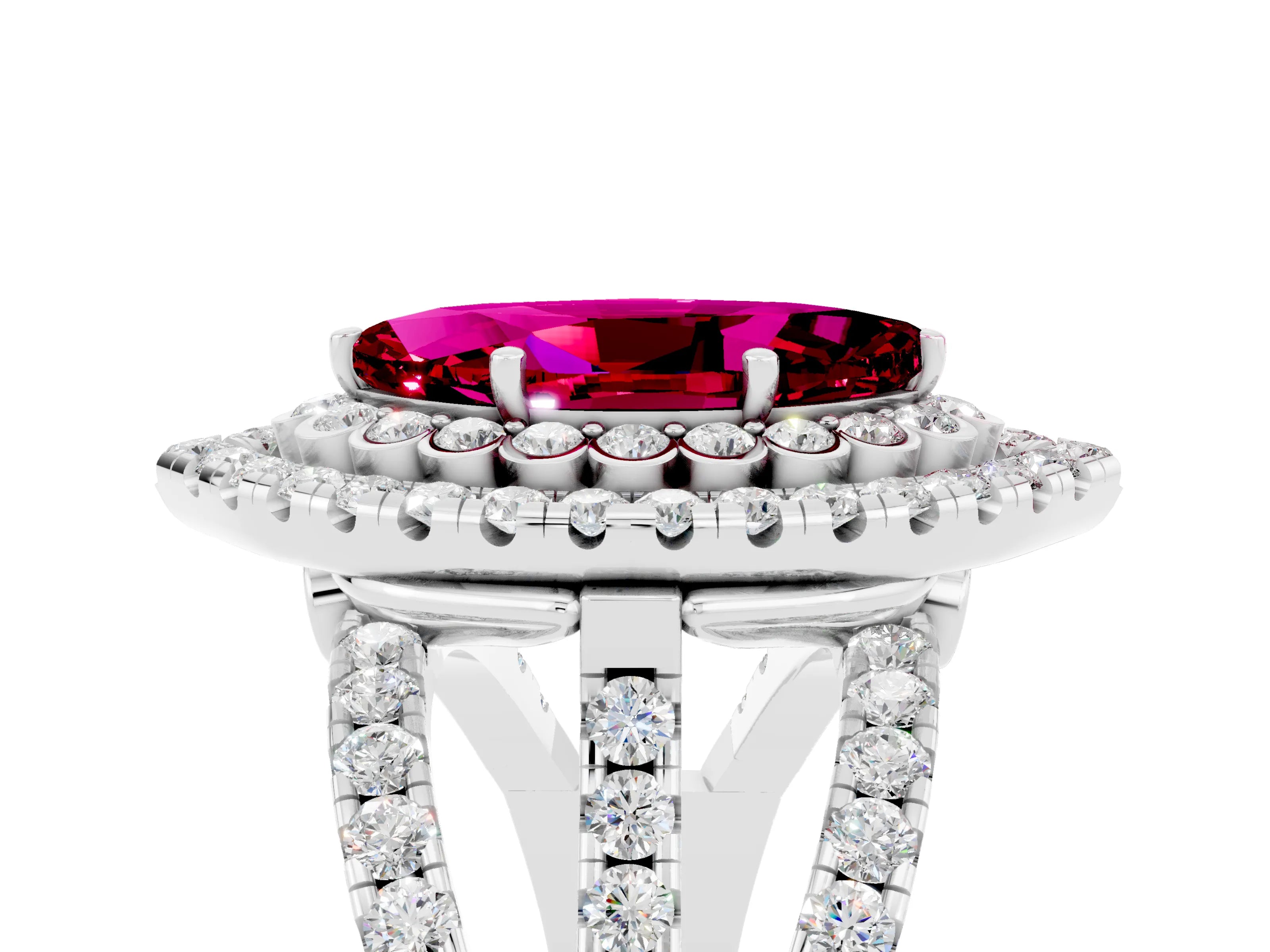 White gold Double Halo Marquise Cut Diamond Split Shank Pave Set Ring_5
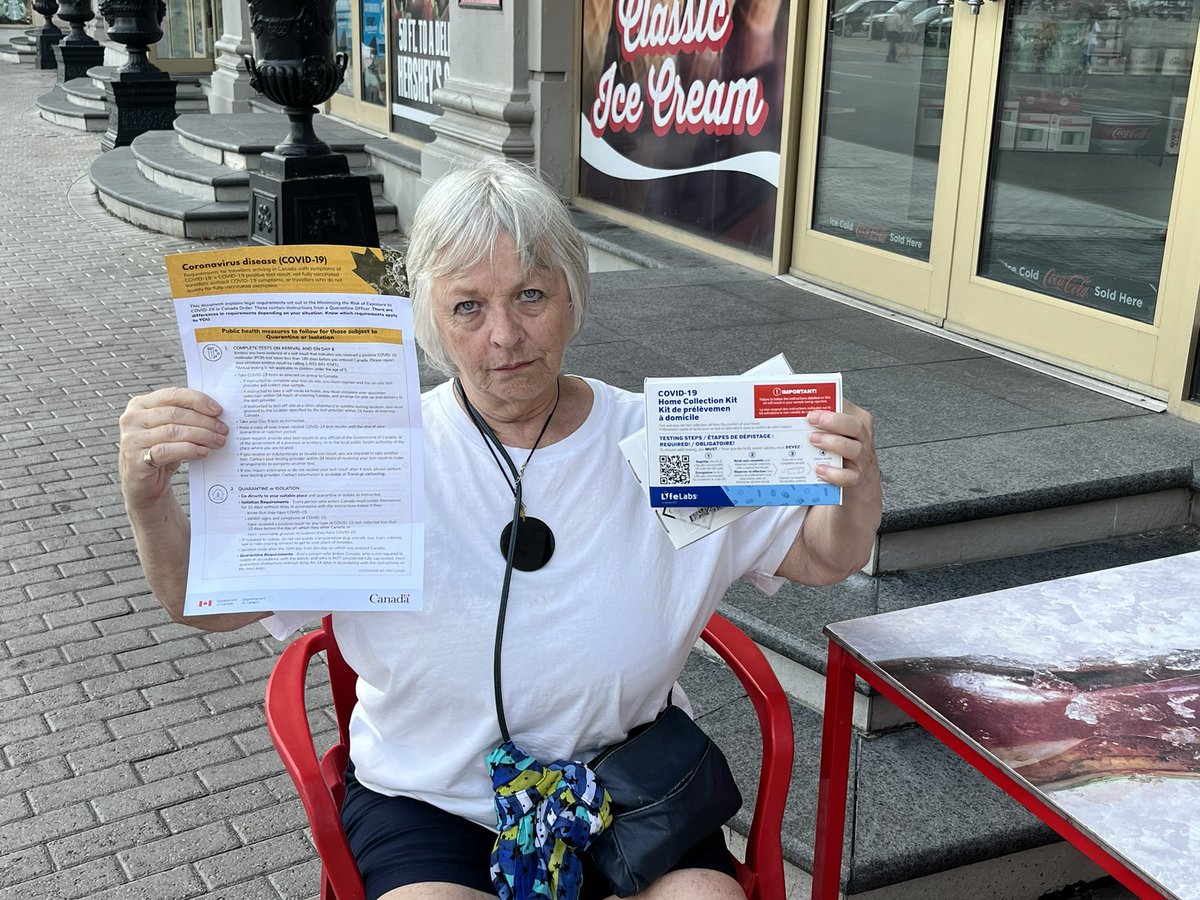 canmericanized's tweet photo. Horror at the border: Fully vaxed senior citizen subjected to 14 day quarantine punishment and 2 PCR tests for a 4 hour land border crossing by foot for a Niagara Falls USA day trip. No symptoms. The crime - refusing to download &amp; complete ArriveCAN

Are you happy Justin Trudeau? https://t.co/i8CKZNJFkg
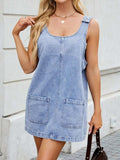 Scoop Neck Wide Strap Denim Dress - Trendsi - Flyclothing LLC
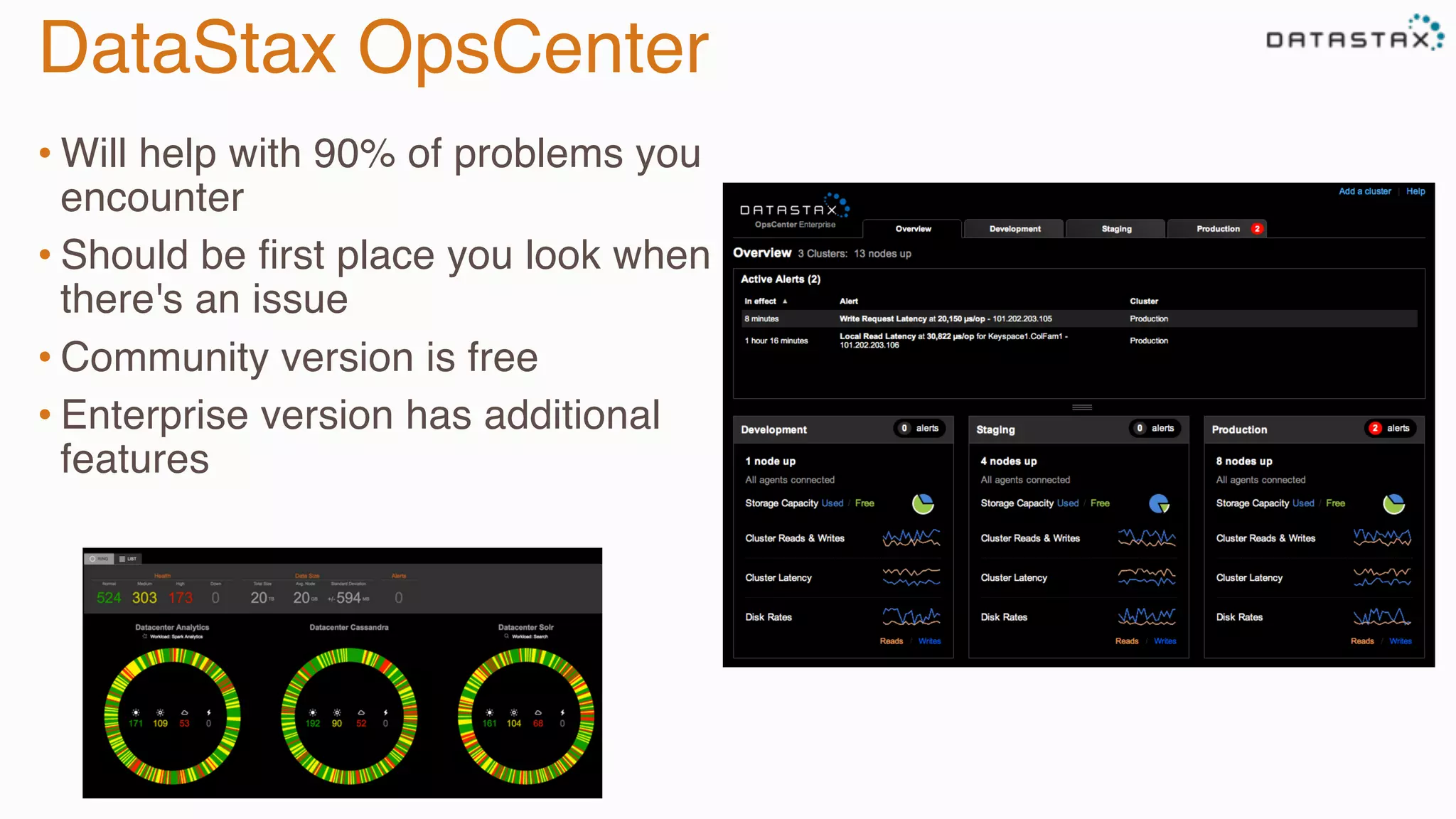 DataStax OpsCenter
• Will help with 90% of problems you
encounter
• Should be ﬁrst place you look when
there's an issue
• Community version is free
• Enterprise version has additional
features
::::::::
— Work order —
Copy all of the listing word for word, minus the images.

— Exercise solution —
 White gold Double Halo Marquise Cut Diamond Split Shank Pave Set Ring_5
 canmericanized's tweet photo. Horror at the border: Fully vaxed senior citizen subjected to 14 day quarantine punishment and 2 PCR tests for a 4 hour land border crossing by foot for a Niagara Falls USA day trip. No symptoms. The crime - refusing to download &amp; complete ArriveCAN

Are you happy Justin Trudeau? https://t.co/i8CKZNJFkg
 Scoop Neck Wide Strap Denim Dress - Trendsi - Flyclothing LLC
 DataStax OpsCenter
• Will help with 90% of problems you
encounter
• Should be ﬁrst place you look when
there's an issue
• Community version is free
• Enterprise version has additional
features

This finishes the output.